Jones received his commission as a second lieutenant in the Corps of Engineers in 1999. He has served in engineer leadership and staff positions in Kosovo, Iraq, Afghanistan and multiple locations in the United States. His military experience includes a variety of positions as a platoon leader, executive officer and battalion air officer, and as a multi-national Corps anti-terrorism and force protection engineer. He served as an assistant professor in the Civil and Mechanical Engineering Department at the United States Military Academy at West Point from 2010 to 2013.
Jones’ awards and decorations include the Bronze Star with two oak leaf clusters, Meritorious Service Medal with three oak leaf clusters, Army Commendation Medal with an oak leaf cluster, Army Achievement Medal with five oak leaf clusters, Afghanistan Campaign Medal with three campaign stars, Iraq Campaign Medal with two campaign stars, Kosovo Campaign Medal with a campaign star, NATO medals for Kosovo and Afghanistan, Military Outstanding Volunteer Service Medal, Ranger Tab, Air Assault Badge and Master Parachutist Badge. He wears a Joint Meritorious Unit Award and is a recipient of the Army Engineer Association’s Bronze De Fleury Medal.

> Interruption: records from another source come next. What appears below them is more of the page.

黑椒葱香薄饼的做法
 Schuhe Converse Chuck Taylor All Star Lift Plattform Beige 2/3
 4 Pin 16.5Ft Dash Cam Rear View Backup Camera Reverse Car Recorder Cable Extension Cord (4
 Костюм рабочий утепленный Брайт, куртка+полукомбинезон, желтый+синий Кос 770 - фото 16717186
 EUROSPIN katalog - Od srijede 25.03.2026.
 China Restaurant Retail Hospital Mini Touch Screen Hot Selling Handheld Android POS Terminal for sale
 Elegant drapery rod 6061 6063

Jones earned his Bachelor of Science degree in civil engineering from the United States Military Academy and a Master of Science degree in civil and environmental engineering from the Massachusetts Institute of Technology. He is a licensed professional civil engineer, project management professional, and a certified floodplain manager.

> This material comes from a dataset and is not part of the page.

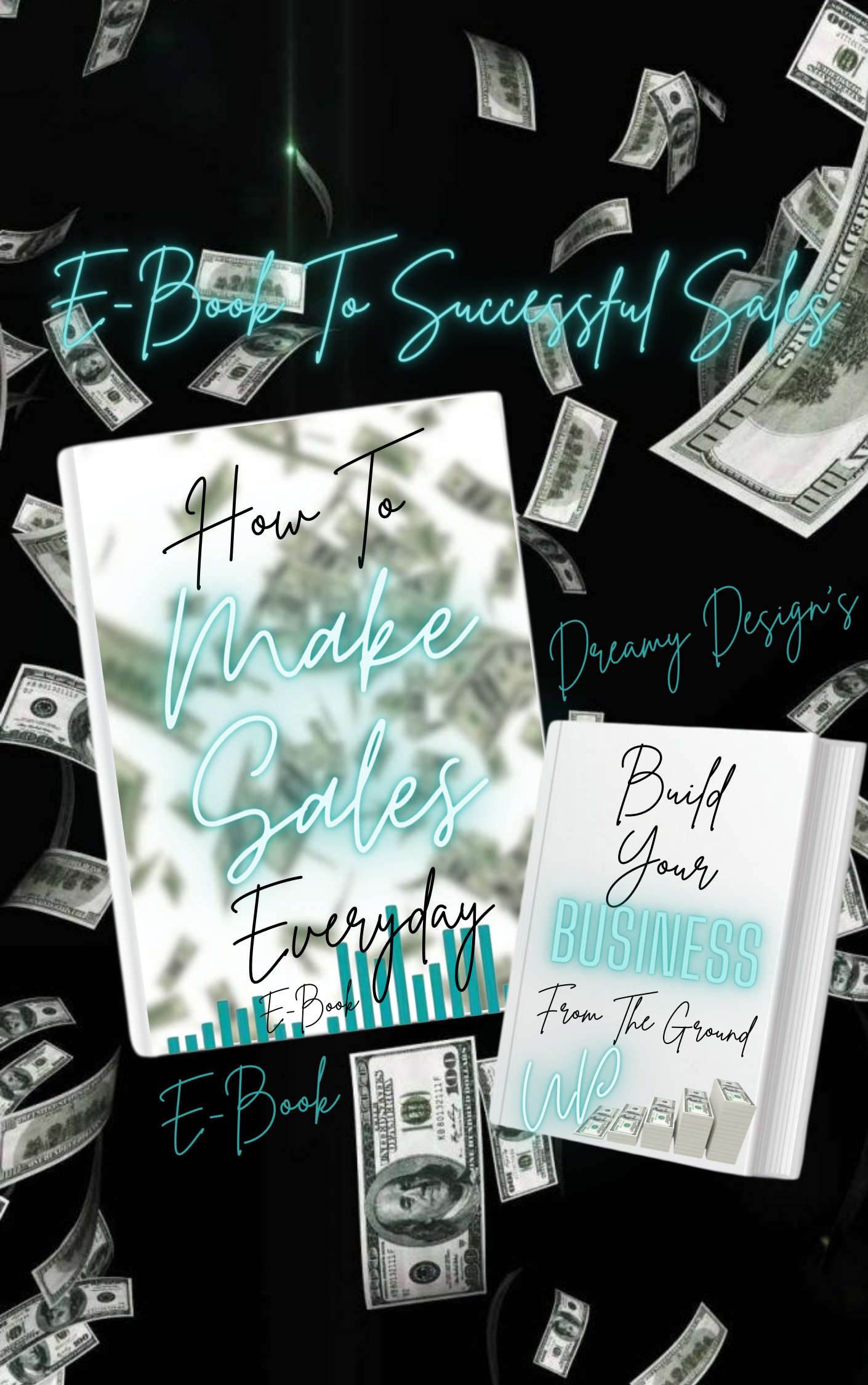 How To Make Sales EVERYDAY!! E-Book. Includes 1 free vendor!!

Jones and his wife Sharon have a son, Jameson, and daughter, Arden. His grandfather, Vernon Jones Sr., 99, a World War II veteran and glider infantryman from Delaware, watched him take command. His parents, retired Air Force Senior Master Sgt. Clifford Jones (Vietnam War veteran and Tet Offensive survivor) and Carmella Jones from Delaware, and his brother Clifford Jones Jr., from Virginia, also attended.

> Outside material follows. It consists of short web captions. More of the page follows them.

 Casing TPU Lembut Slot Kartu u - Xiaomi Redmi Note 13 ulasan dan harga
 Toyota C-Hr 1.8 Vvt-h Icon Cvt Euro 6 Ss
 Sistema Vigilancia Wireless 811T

The outgoing commander, Lt. Col. Stephen Murphy, said farewell to the district he commanded since June 2015. He noted that a Corps of Engineers general officer gave him some advice that helped shape his behavior during his tenure. The commander said the three most important words that can be said are “please” and “thank you.”
Murphy said while he could command compliance as commander, he found that simple courtesies like “please” and “thank you” made him a better leader and the Nashville District a better organization. He thanked senior leadership and the people who worked every day to support the important projects and missions that serve the region and the nation.
“It breaks my heart to leave command because I love this district,” Murphy said. “I love the people here. There are some incredible missions.”
Under Murphy’s tenure he worked to revive the $755 million Chickamauga Lock Replacement Project from a mothball state and resumed construction at the $1.25 billion Kentucky Lock Addition Project. He successfully led the team during the Mississippi River Commission inspection trip of the Tennessee and Cumberland rivers. He managed the first rehabilitation of a hydropower unit at Center Hill Dam, the first of 28 units in the Cumberland River Basin to be rehabilitated as a result of a Memorandum of Agreement with the Southeastern Power Administration and power customers. And he also led the charge as the Nashville District supported construction projects for the U.S. Department of Energy National Nuclear Security Administration’s Uranium Processing Facility in Oak Ridge, Tenn.
“Because of Stephen’s excellent leadership and relationship management skills, the support provided to NNSA continues to be a vibrant and growing partnership between the two agencies,” Toy said.
Toy stressed that Murphy’s dedication to the mission gave him credibility and respect with customer stakeholders and employees alike.
Murphy’s next assignment is with the U.S. Special Operations Command at Fort Bragg, N.C.